Pier One here was redoing their track lighting to halogens or something and donated the old track fixtures to the ReStore. He got really nice, quality track fixtures (not box store crappy ones) for $1 each and the bulbs to go in them for $.50.


----------



## speedster1 (May 13, 2009)

Thanks everyone for the tips. Considering the price I can get on the tile it would probably be worthwhile. One thing I will certainly do first though is to paint those cabinates and see if I can live with them. If I'm not happy with them I'll probably not bother doing a tile job because I'd eventually replace the cabinates.


----------



## Phillysun (Jun 19, 2008)

Granite tiles can be used and set edge to edge so there is very little grout edge at all - less than 1/10". Just use a very dark grout color. There is more labor involved than with a granite slab and it is more important that the supporting cabinet top does not flex. This is usually not difficult to remedy and any added height is usually beneficial. 
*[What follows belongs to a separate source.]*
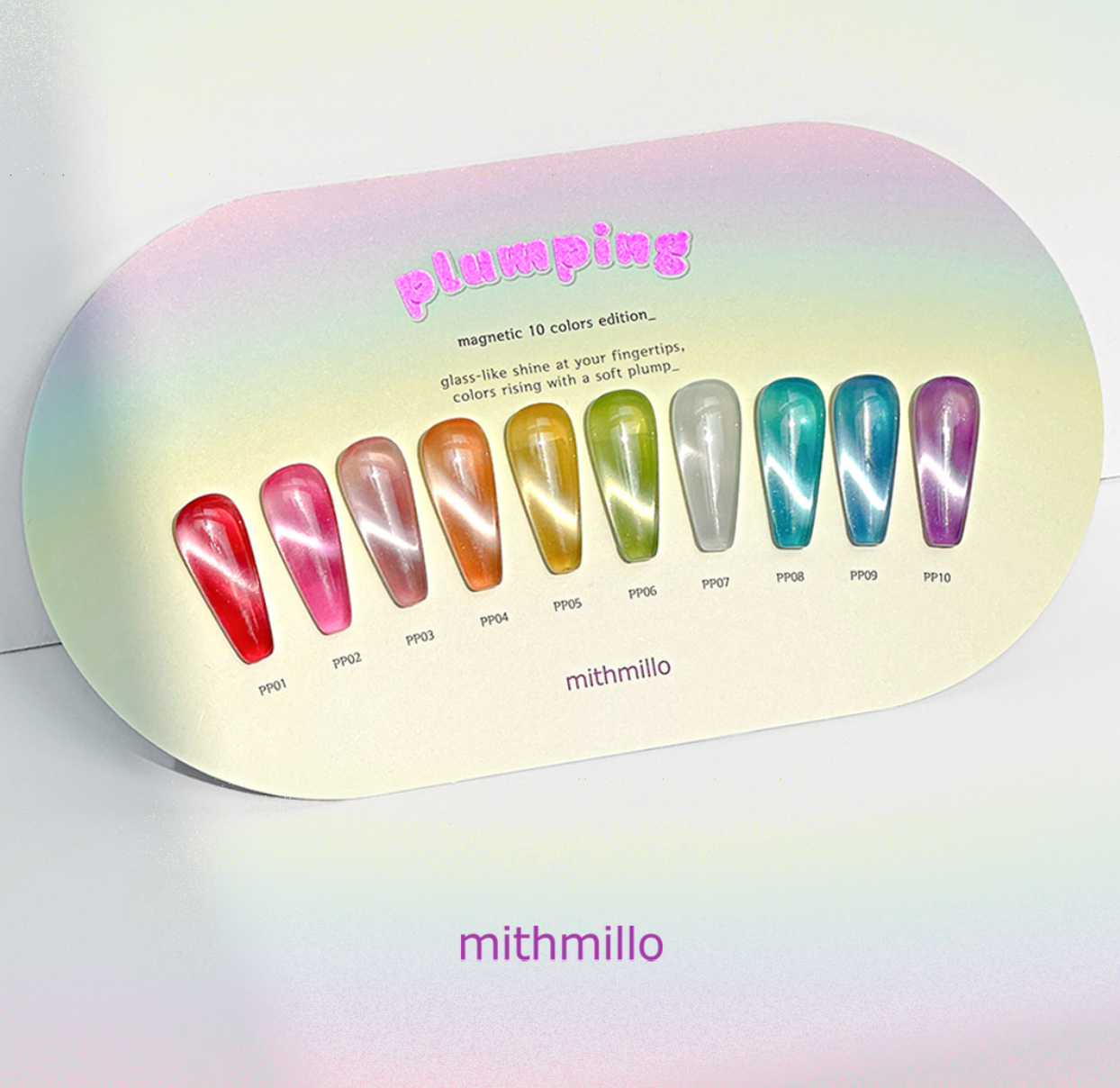 MITHMILLO Plumping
The least expensive countertop material that looks decent is still ceramic tile. Not as resistant to abuse as granite but a lot easier to install and finish.


----------



## trendstone (Dec 16, 2009)

I think if you use your kitchen very often, it may be wiser not to granite tiles; stuff might get caught between them (no matter how tight they are next to one another) and cause it get dirty fast. Maybe you can save up some money for now and then have a giant slab installed when the time is right (I would recommend trendstone as well if you could afford it, it's beautiful)


----------



## speedster1 (May 13, 2009)

Unfortunately I was being over generaous with my time and had hoped to complete this taslk sooner than later. I've had my house now for 1 week and I can tell I'm way behind and not going to get to do all the thing I wanted to. I'll be lucky to get it painted and get new flooring installed/finished.


----------